> [WHAT YOU WILL DO]:
The following entries are to be repeated exactly, and the pictures are to be left behind.
-=-=-=-=-
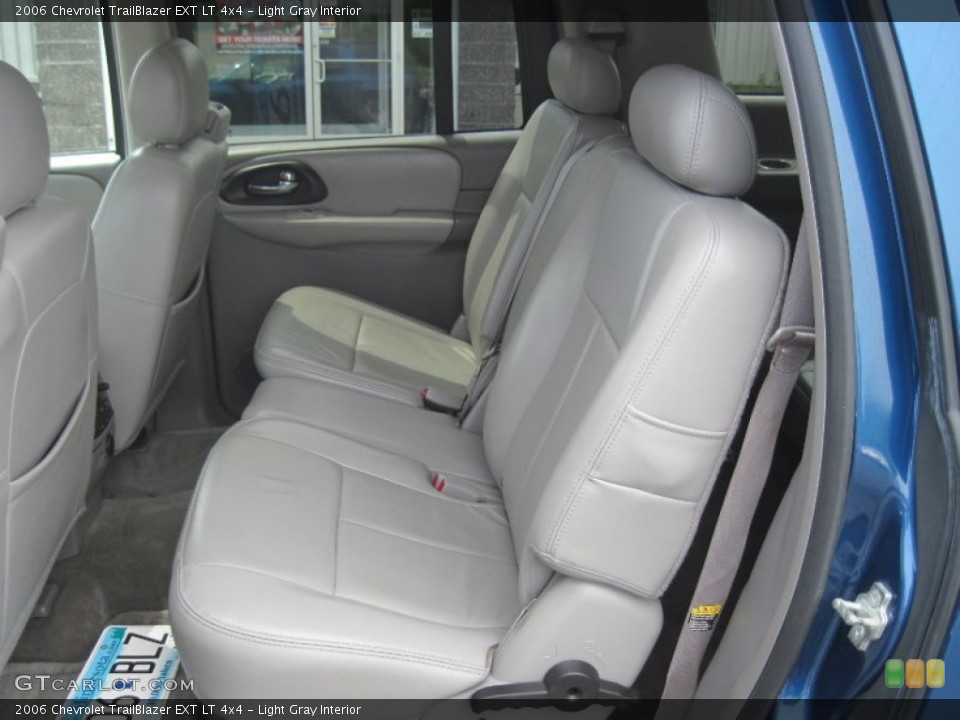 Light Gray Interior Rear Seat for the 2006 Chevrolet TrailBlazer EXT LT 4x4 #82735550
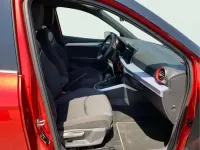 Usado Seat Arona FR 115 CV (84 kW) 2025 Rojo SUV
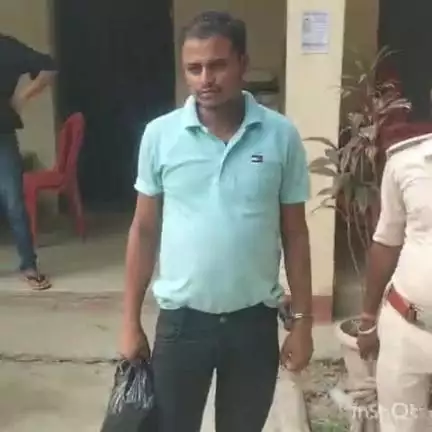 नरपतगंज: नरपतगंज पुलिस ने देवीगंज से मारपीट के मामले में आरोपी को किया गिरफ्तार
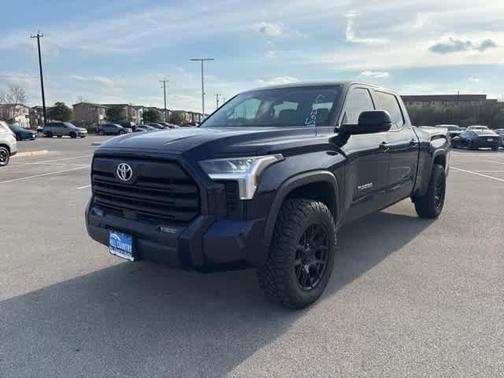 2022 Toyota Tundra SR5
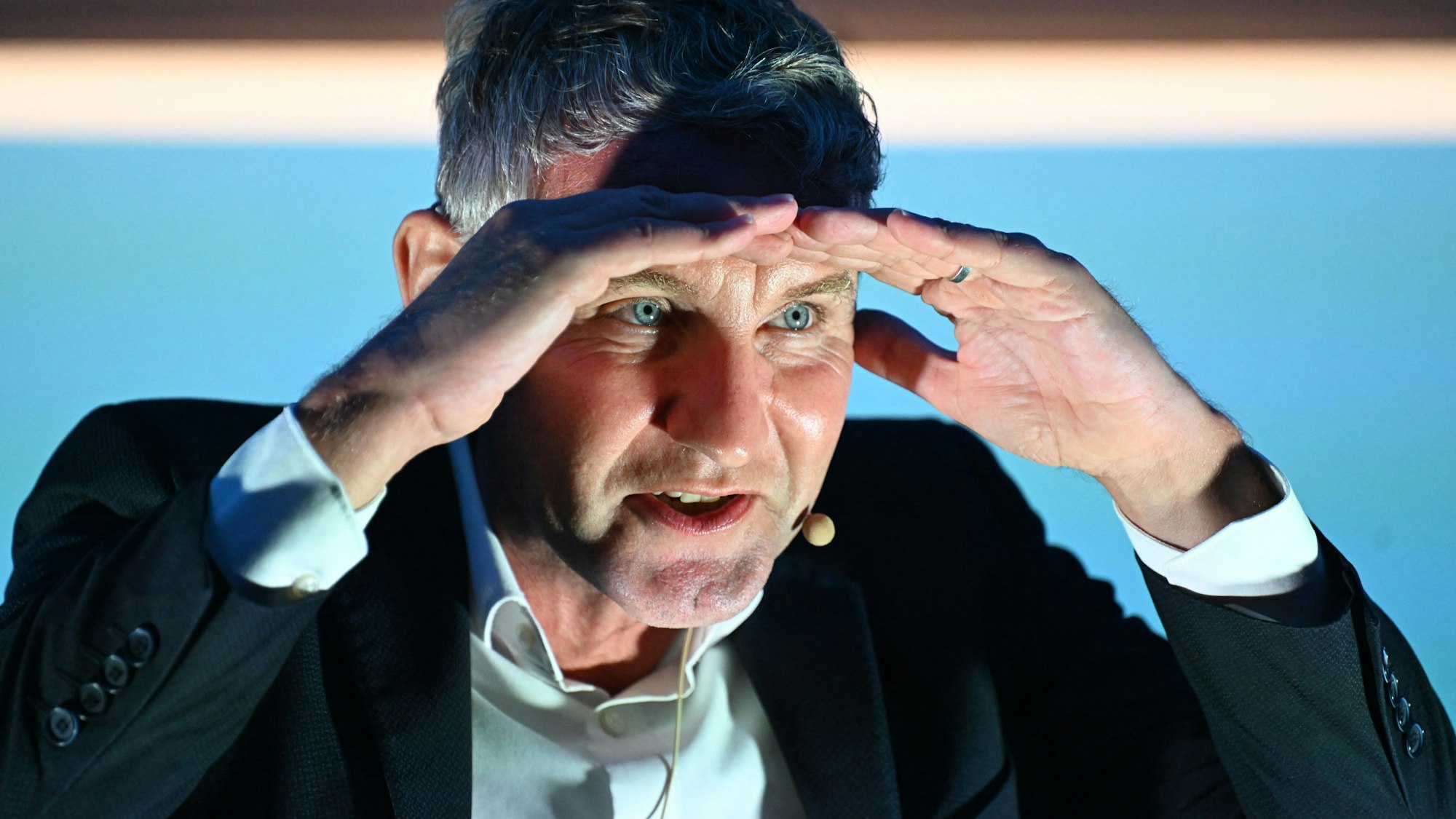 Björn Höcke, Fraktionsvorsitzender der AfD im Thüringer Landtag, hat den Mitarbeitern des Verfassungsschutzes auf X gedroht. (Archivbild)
-=-=-=-=-
> [FINISHED TASK]:
 Light Gray Interior Rear Seat for the 2006 Chevrolet TrailBlazer EXT LT 4x4 #82735550
 Usado Seat Arona FR 115 CV (84 kW) 2025 Rojo SUV
 नरपतगंज: नरपतगंज पुलिस ने देवीगंज से मारपीट के मामले में आरोपी को किया गिरफ्तार
 2022 Toyota Tundra SR5
 Björn Höcke, Fraktionsvorsitzender der AfD im Thüringer Landtag, hat den Mitarbeitern des Verfassungsschutzes auf X gedroht. (Archivbild)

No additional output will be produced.